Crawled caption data
****************

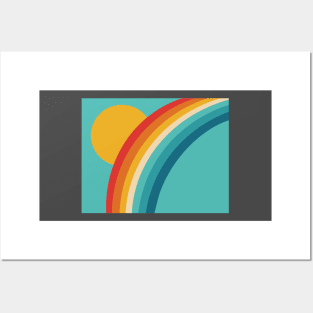 Retro Rainbow with Sun on Pale Blue Background Posters and Art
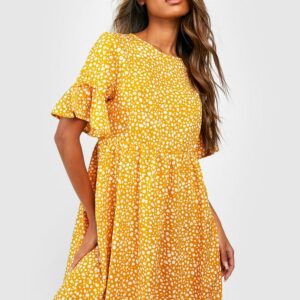 Womens Woven Dalmatian Print Smock Dress - Yellow - 12, Yellow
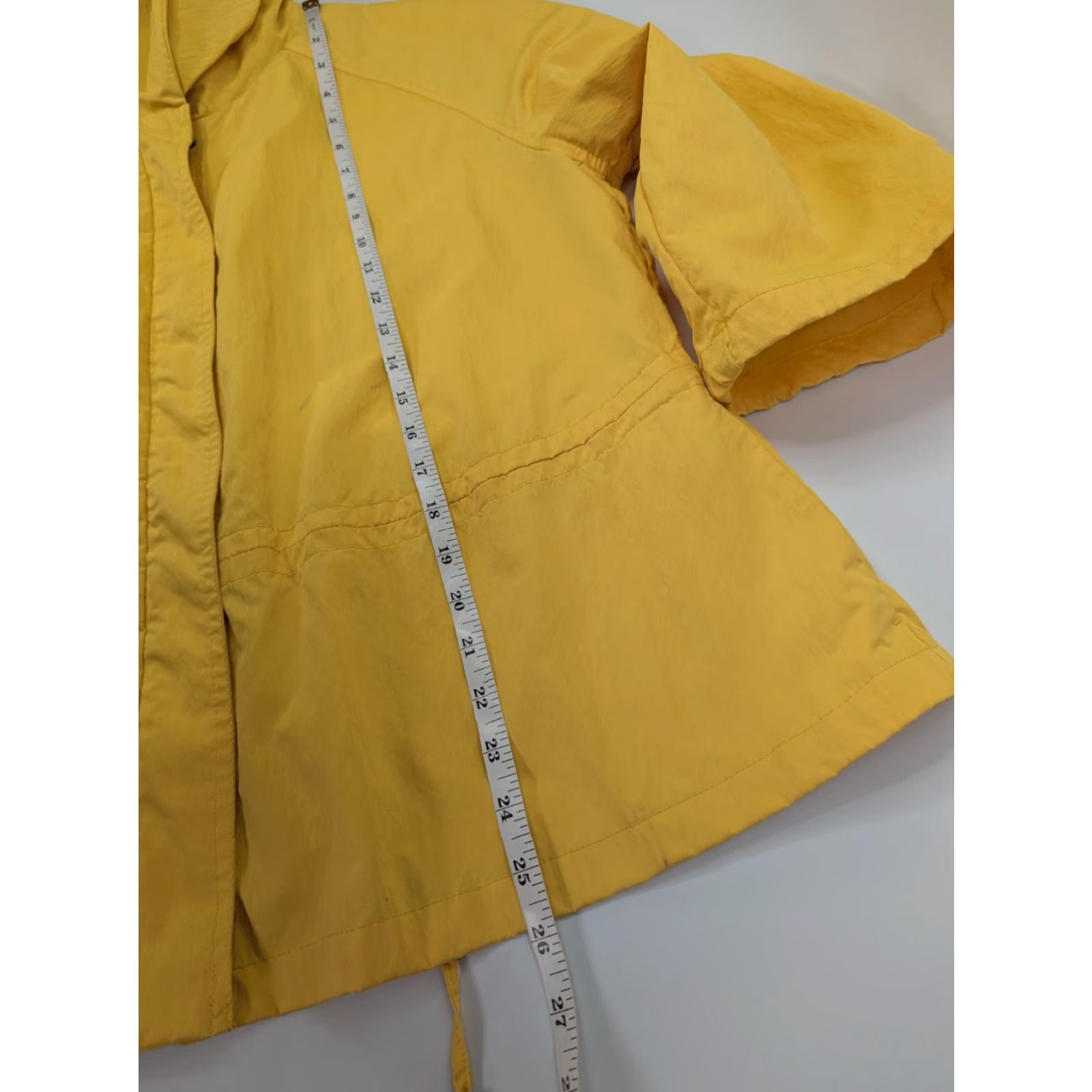 Vintage Lane Bryant Women's Jacket 14/16 Yellow Windbreaker Short 3/4 Sleeve Zipper Snap Toggle Pockets Baggy? (remove question mark) Size XL / US 12-14 / IT 48-50 - 6 Thumbnail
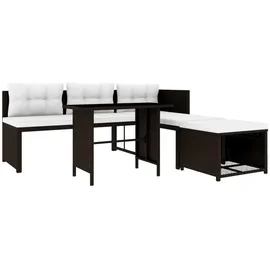 vidaXL Garten-Lounge-Set 4-tlg. braun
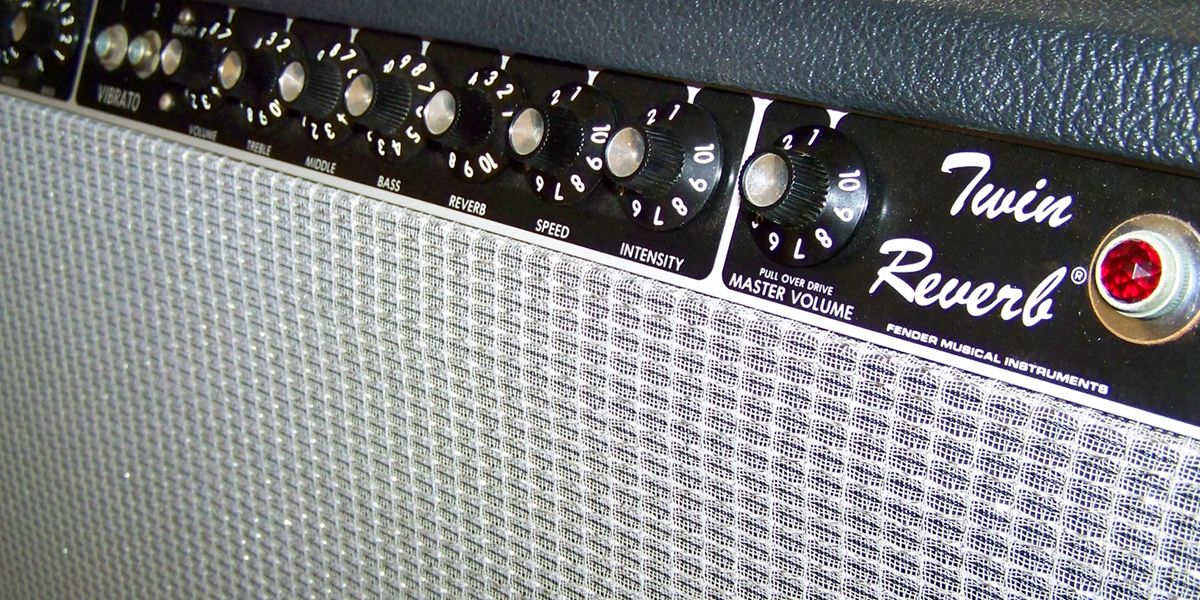Close up of Twin Reverb Fender Amp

****************

For this exercise, please reproduce the records above exactly and drop the images.

 Retro Rainbow with Sun on Pale Blue Background Posters and Art
 Womens Woven Dalmatian Print Smock Dress - Yellow - 12, Yellow
 Vintage Lane Bryant Women's Jacket 14/16 Yellow Windbreaker Short 3/4 Sleeve Zipper Snap Toggle Pockets Baggy? (remove question mark) Size XL / US 12-14 / IT 48-50 - 6 Thumbnail
 vidaXL Garten-Lounge-Set 4-tlg. braun
Close up of Twin Reverb Fender Amp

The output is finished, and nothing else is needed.